§ Exercise goal
Keeping every word the same, give again only the lines from the one with "Brass Nut Brass" through the end of the data, both included, and leave every picture out.

»»

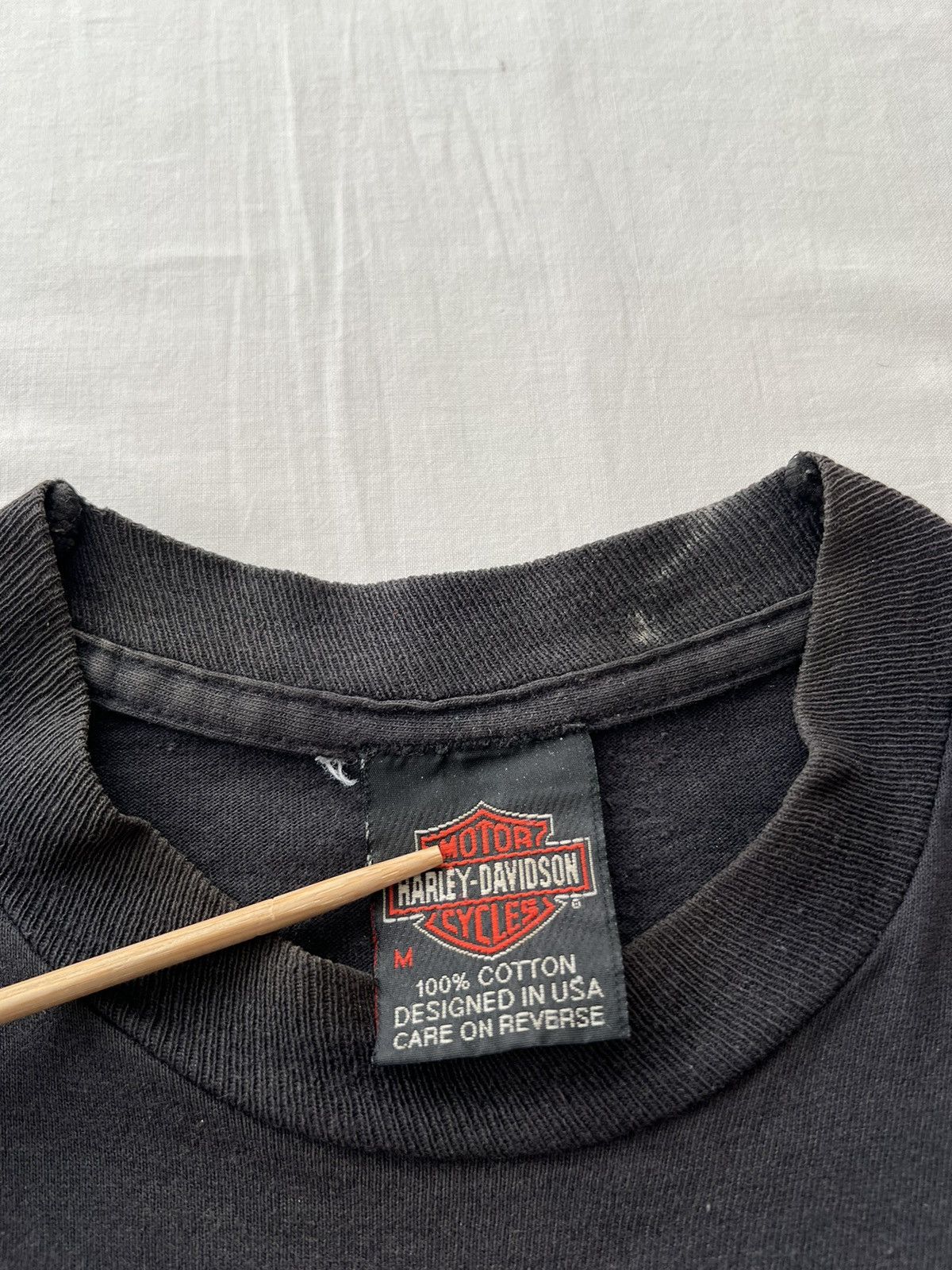 Harley Davidson Vintage 90s Harley Davidson Flame Fire Eagle Long Sleeve Size US M / EU 48-50 / 2 - 18 Thumbnail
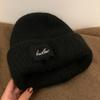 Wool Blend Letter Knitted Hat For Women Winter Cold Weather Warmth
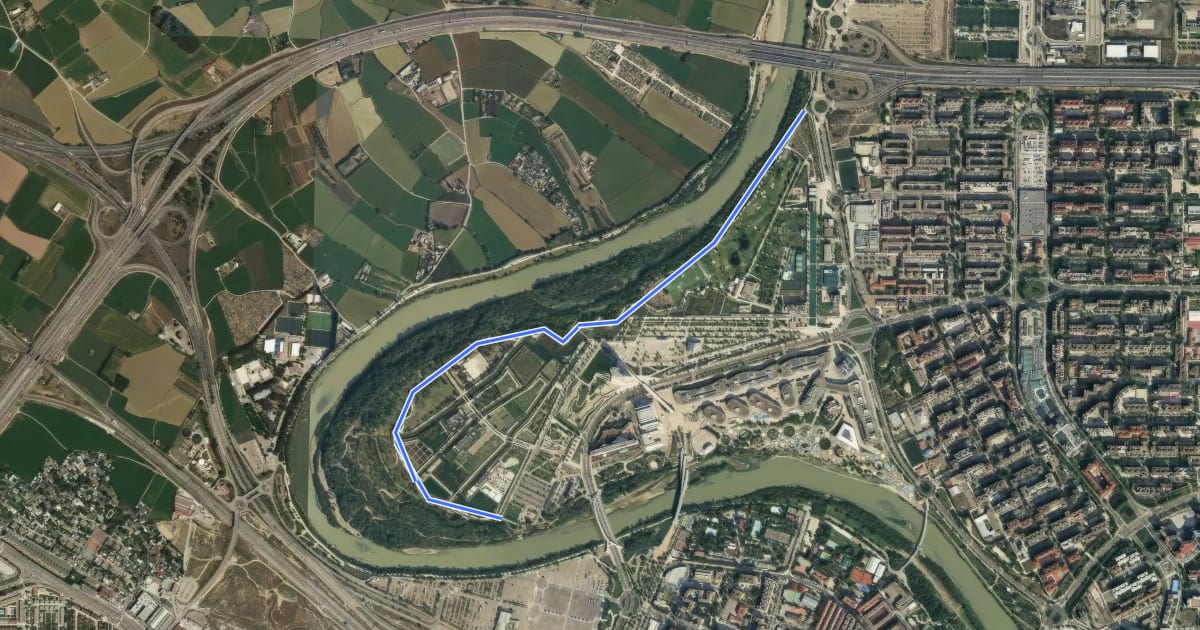 Маршрут Ruta de los Sotos на спутниковом снимке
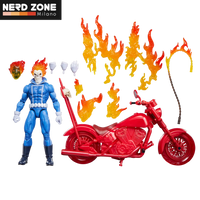 PRE ORDINE - HASBRO - Marvel Legends Ghost Rider Jhonny Blaze With Bike Action Figure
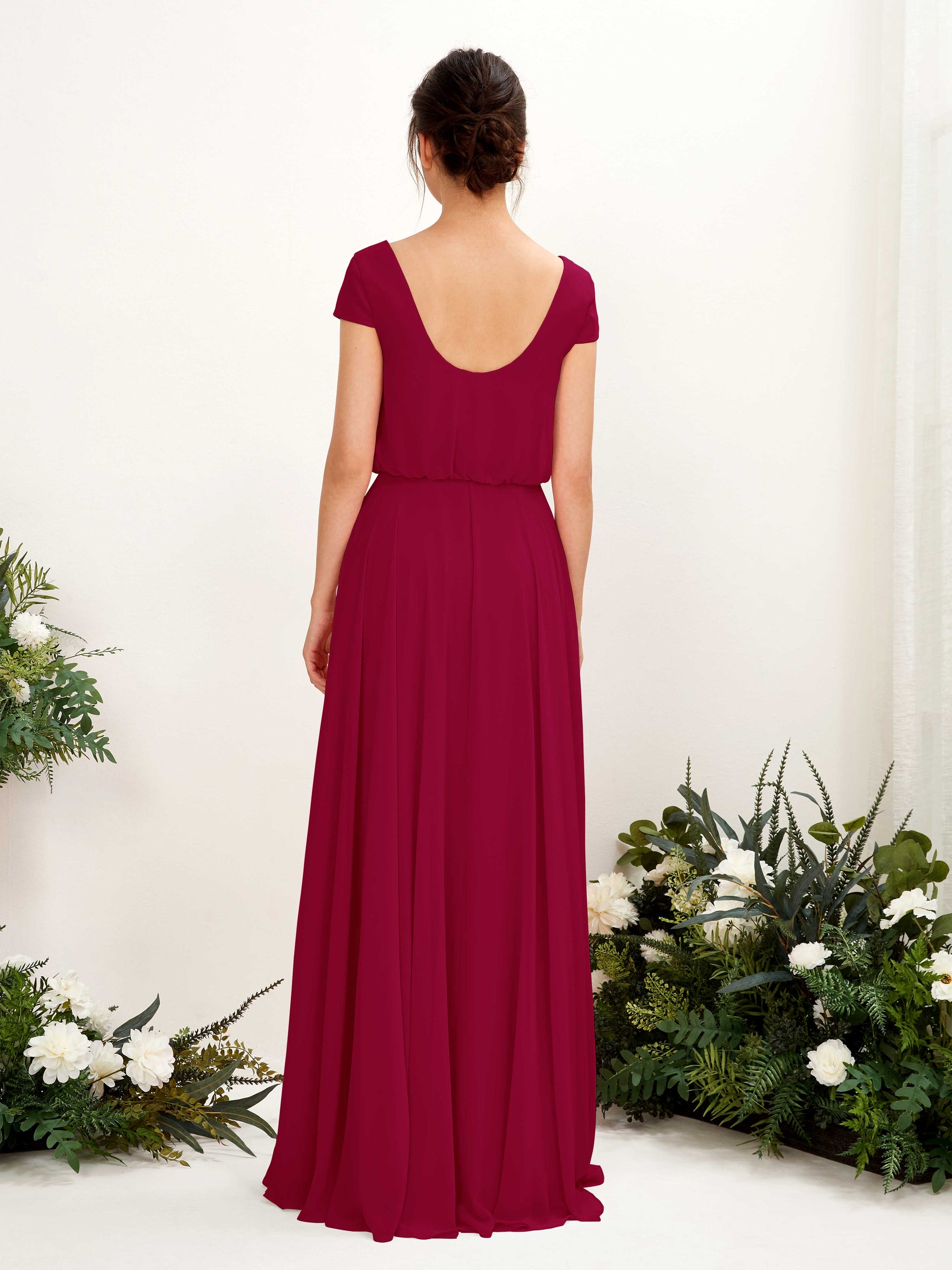 Pauline Jester Red Maxi Dress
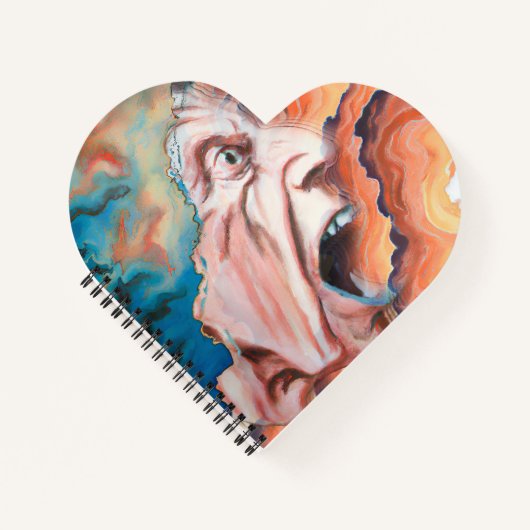 パニック波の油絵 ノートブック (正面)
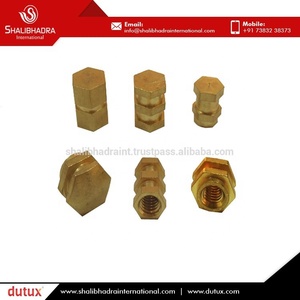 Brass Nut Brass Dome ốc vít chèn cho Sử dụng nhựa - Product Image 2
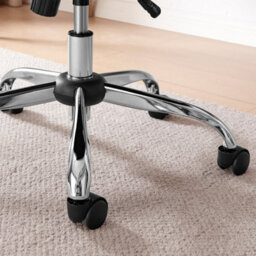 Furniturebox Uk Hoomz Cream Fabric And Wood Office Chair - thumbnail 7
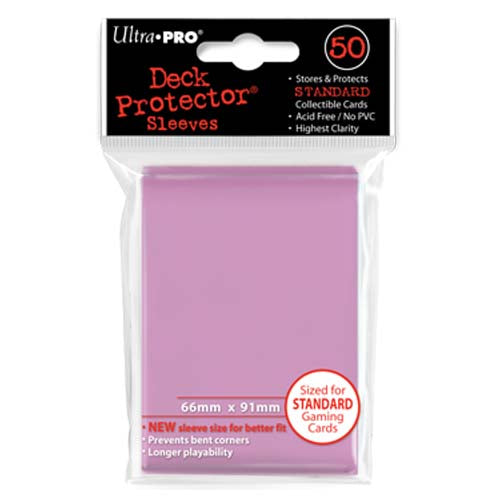 50ct Pink Standard Deck Protectors - Evolution TCG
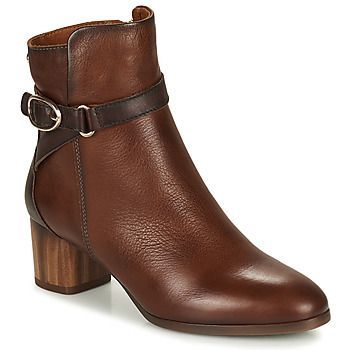 CALAFAT  women's Low Ankle Boots in Brown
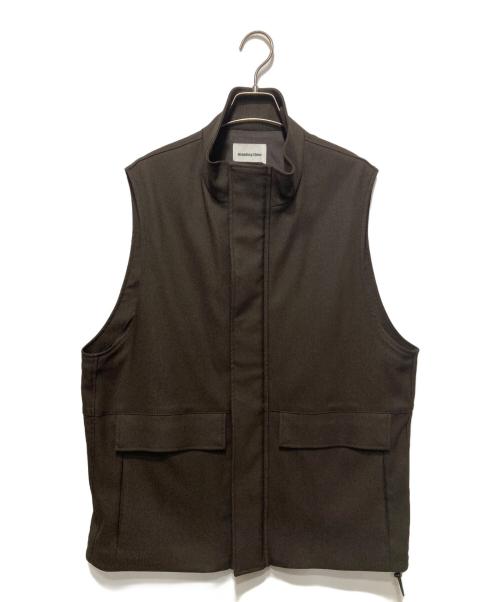 MONKEY TIME（モンキータイム）MONKEY TIME (モンキータイム) ポリエステルツイルジップベスト ブラウン サイズ:Mの古着・服飾アイテム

««

§ Finished task
 Brass Nut Brass Dome ốc vít chèn cho Sử dụng nhựa - Product Image 2
 Furniturebox Uk Hoomz Cream Fabric And Wood Office Chair - thumbnail 7
 50ct Pink Standard Deck Protectors - Evolution TCG
 CALAFAT  women's Low Ankle Boots in Brown
 MONKEY TIME（モンキータイム）MONKEY TIME (モンキータイム) ポリエステルツイルジップベスト ブラウン サイズ:Mの古着・服飾アイテム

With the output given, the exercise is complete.